L’actuel projet de loi régissant les médias soulève une inquiétude légitime dans les médias car elle réduit considérablement le délai des licences accordées aux médias. Il faudrait que le législateur garde à l’esprit que les médias constituent aussi des entreprises qui créent de l’emploi. A titre d’exemple, aucun investisseur, national et étranger ne se sentira encouragé é d’investir au Burundi dans le domaine de la production audio-visuelle en demandant un canal de télévision ou de radio au moment où la bascule de l’analogique au numérique mettra sur le marché des dizaines de canaux de télévision numérique terrestre et plus tard de radios numérique terrestre. Ce serait un paradoxe incroyable de priver à des investisseurs les conditions de visibilité et de stabilité en réduisant si drastiquement le temps de la licence de diffusion.
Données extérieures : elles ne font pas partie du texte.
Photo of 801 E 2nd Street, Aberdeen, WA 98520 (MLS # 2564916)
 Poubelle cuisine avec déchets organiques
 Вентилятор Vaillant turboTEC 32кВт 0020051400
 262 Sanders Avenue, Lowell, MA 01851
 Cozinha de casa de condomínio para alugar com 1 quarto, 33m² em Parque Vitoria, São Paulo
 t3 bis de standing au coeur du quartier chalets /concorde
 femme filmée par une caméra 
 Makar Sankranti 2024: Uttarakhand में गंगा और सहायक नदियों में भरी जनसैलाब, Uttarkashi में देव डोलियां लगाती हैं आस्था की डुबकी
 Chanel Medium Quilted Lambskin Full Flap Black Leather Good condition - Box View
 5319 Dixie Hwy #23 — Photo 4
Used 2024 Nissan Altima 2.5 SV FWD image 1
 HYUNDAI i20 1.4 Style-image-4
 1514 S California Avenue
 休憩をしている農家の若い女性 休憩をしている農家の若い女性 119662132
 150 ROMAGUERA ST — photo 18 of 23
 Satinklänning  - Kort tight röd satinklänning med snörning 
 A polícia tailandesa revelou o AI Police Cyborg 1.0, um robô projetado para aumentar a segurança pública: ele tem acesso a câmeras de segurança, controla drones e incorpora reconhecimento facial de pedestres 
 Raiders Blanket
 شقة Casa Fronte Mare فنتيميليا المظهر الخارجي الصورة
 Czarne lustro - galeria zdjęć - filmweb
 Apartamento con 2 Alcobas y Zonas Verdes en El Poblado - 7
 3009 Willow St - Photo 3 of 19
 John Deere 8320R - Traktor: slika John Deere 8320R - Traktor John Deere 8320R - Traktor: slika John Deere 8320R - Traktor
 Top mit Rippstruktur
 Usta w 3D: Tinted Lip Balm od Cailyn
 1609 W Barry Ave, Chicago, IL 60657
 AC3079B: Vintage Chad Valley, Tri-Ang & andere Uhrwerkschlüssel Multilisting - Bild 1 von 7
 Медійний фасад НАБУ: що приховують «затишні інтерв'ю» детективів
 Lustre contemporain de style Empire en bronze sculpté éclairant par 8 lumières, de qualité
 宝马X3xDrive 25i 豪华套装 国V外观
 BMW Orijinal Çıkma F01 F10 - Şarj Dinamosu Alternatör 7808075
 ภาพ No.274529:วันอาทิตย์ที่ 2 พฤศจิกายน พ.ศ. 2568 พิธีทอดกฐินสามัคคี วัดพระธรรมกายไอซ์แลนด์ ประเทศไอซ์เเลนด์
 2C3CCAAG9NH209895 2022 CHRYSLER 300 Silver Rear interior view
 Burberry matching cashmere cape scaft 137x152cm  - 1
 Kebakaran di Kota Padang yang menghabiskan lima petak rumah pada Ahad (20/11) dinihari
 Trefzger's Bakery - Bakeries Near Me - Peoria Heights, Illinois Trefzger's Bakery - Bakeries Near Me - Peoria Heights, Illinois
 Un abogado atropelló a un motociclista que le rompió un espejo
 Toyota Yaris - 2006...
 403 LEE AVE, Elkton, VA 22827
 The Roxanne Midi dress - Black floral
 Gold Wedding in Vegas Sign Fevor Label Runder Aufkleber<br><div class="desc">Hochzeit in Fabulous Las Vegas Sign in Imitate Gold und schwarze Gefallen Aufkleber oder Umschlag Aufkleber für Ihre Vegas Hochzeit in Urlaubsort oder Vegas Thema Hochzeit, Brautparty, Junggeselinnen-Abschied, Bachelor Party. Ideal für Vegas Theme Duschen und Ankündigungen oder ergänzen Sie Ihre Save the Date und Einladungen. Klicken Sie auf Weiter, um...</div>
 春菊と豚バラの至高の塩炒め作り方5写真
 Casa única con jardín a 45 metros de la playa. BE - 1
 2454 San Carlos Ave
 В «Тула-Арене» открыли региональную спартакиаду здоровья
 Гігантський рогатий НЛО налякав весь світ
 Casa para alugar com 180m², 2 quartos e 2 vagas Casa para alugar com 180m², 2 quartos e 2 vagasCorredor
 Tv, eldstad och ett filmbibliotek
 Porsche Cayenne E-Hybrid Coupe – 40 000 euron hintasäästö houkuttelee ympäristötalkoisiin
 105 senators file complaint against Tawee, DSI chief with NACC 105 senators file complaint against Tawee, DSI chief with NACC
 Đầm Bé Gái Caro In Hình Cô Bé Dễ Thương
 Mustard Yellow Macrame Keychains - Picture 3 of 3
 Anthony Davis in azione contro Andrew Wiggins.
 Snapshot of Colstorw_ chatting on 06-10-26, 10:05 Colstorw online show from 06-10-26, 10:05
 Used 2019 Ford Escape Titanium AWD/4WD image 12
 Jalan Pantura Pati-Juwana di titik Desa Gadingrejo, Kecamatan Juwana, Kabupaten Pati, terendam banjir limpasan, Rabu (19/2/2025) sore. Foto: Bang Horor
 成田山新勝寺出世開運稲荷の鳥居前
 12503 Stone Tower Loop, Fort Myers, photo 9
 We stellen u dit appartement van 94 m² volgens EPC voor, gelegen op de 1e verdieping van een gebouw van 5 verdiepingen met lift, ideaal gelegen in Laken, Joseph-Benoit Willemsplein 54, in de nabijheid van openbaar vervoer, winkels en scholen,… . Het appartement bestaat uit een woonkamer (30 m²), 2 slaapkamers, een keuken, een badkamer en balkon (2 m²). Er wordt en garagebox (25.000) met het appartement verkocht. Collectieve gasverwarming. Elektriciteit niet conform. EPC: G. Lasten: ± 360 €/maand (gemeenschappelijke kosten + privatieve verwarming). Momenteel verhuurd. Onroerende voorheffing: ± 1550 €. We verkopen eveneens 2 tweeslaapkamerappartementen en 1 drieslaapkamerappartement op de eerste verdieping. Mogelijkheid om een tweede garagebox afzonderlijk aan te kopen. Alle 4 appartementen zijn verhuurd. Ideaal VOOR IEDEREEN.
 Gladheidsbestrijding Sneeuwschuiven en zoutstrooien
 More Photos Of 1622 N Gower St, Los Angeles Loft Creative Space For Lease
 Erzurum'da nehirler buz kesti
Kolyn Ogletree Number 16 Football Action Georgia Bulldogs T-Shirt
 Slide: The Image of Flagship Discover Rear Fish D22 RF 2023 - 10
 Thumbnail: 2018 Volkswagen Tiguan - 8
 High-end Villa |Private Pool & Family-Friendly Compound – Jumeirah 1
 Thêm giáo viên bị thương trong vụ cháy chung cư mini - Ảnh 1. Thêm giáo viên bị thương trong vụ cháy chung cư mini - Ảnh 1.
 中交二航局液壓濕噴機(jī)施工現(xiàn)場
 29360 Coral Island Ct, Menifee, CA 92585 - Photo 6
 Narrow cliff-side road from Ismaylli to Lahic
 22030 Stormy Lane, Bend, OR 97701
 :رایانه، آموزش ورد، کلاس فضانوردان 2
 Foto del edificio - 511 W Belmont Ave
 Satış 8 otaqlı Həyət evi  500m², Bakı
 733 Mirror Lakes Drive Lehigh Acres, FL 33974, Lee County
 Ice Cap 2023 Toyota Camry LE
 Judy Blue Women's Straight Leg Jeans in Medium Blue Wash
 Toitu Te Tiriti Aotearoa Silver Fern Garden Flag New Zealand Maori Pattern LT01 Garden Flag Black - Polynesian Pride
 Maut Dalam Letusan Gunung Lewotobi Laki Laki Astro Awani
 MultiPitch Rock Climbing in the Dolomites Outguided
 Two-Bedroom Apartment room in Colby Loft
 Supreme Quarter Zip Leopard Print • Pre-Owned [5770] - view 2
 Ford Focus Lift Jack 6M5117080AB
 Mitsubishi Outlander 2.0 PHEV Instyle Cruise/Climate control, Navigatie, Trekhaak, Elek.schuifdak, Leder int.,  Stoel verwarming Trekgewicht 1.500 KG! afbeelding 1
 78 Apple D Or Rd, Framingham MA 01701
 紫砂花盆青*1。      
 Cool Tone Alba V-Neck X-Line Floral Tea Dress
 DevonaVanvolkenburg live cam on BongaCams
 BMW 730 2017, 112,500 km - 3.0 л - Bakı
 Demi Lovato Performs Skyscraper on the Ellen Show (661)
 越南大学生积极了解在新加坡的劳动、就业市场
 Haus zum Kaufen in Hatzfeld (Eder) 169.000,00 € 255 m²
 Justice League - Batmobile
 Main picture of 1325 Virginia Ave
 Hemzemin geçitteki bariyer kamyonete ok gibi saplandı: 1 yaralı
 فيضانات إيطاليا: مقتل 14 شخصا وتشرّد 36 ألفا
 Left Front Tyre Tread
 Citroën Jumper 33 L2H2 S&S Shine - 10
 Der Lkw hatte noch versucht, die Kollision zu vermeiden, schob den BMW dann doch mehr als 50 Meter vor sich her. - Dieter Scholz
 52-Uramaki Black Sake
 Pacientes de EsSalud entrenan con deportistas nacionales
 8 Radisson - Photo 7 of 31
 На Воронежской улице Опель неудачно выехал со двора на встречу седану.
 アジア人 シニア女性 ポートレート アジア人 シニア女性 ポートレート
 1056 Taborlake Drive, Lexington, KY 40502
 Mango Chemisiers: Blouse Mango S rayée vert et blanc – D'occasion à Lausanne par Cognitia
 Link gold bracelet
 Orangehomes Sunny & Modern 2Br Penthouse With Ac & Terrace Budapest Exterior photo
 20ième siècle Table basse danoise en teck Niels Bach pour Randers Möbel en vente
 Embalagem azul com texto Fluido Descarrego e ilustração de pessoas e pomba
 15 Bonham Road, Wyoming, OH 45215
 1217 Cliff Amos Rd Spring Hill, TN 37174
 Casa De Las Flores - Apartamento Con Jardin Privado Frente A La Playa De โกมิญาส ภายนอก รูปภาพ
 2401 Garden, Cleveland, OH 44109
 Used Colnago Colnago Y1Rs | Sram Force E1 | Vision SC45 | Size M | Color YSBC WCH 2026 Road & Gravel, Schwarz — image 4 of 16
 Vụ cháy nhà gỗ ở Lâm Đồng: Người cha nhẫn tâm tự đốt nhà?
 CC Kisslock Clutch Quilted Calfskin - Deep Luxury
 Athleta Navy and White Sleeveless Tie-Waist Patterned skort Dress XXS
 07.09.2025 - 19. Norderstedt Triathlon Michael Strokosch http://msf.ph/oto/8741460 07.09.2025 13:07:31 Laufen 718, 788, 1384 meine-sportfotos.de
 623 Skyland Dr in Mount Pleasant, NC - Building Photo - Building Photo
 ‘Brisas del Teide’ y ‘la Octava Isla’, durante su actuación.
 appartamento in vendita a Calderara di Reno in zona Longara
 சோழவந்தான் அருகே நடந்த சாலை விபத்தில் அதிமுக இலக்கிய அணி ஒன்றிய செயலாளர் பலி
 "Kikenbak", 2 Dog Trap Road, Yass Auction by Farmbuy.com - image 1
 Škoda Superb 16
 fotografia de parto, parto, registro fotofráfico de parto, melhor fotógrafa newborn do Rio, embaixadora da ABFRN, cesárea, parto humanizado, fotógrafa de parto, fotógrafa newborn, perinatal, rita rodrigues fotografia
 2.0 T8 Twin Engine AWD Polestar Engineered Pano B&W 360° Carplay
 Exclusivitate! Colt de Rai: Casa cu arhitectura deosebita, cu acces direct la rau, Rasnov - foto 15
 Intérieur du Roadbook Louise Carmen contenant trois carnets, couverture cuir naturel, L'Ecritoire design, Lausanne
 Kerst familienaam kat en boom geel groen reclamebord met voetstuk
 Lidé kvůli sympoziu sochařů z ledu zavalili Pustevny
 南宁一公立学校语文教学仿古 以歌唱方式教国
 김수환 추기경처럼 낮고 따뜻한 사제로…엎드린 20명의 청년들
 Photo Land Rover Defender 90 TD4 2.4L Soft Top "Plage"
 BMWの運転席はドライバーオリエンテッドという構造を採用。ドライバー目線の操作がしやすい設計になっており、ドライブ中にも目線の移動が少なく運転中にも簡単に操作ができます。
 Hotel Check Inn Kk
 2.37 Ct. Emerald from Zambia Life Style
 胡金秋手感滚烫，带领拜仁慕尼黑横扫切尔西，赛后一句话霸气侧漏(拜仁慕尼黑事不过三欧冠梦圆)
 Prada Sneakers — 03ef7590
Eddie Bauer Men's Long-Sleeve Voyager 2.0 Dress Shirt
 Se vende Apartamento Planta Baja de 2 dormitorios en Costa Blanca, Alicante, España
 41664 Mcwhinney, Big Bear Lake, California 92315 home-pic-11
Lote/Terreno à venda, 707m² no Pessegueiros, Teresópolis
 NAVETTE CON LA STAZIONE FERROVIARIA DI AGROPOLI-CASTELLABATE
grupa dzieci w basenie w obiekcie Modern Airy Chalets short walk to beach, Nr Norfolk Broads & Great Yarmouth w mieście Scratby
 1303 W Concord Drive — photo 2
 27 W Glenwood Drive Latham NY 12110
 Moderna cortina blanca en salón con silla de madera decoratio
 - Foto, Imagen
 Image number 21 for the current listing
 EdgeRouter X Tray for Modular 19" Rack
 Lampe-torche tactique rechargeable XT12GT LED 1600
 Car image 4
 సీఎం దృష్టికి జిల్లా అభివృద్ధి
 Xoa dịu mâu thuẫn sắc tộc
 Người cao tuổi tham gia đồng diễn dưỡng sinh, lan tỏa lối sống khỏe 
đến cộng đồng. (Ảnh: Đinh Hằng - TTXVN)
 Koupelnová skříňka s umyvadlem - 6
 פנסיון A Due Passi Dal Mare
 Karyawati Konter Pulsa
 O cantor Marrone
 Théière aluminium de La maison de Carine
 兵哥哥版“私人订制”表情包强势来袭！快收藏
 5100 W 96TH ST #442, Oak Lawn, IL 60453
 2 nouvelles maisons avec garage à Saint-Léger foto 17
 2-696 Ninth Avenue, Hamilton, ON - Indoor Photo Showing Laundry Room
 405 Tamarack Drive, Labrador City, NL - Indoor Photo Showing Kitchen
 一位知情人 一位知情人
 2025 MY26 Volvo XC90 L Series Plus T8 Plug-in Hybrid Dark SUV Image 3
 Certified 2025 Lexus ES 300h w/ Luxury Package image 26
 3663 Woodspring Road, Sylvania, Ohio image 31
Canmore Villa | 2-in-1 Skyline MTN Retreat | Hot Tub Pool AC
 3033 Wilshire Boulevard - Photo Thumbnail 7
Quel investisseur pourrait espérer un retour sur investissement dans un délai si court de cinq ans ou de trois ans. Cette limitation drastique du temps de licence accordé aux médias ruinerait tout espoir de développer au Burundi une véritable industrie de la création et de la production dans le domaine audiovisuel notamment.
Du reste, parmi les avancées positives confirmées par le projet de loi régulant les médias en discussion, les pouvoirs publics se sont engagés à alimenter un fonds de promotion des médias. Si la licence accordée à un média couvre une période si courte, ce fonds pourrait être accordé en pure perte à des médias dont la licence de diffusion ou d’émission pourrait être supprimée pour une raison ou pour une autre.
Enfin, les pouvoirs supplémentaires accordés par le projet de loi régulant les médias au Conseil National de la Communication (CNC) soulèvent une question fondamentale liée à l’équilibre et à la séparation des pouvoirs dans toute démocratie. Le projet de loi envisage notamment que le CNC soit habilité pour déterminer si un média ou un journaliste s’est rendu coupable d’un délit de presse et de fixer le montant des amendes. Le CNC serait ainsi investi de pouvoirs judiciaires alors qu’il constitue, aux termes de la constitution du Burundi, un des conseils adossés à l’exécutif puisqu’il rend compte à la présidence de la République.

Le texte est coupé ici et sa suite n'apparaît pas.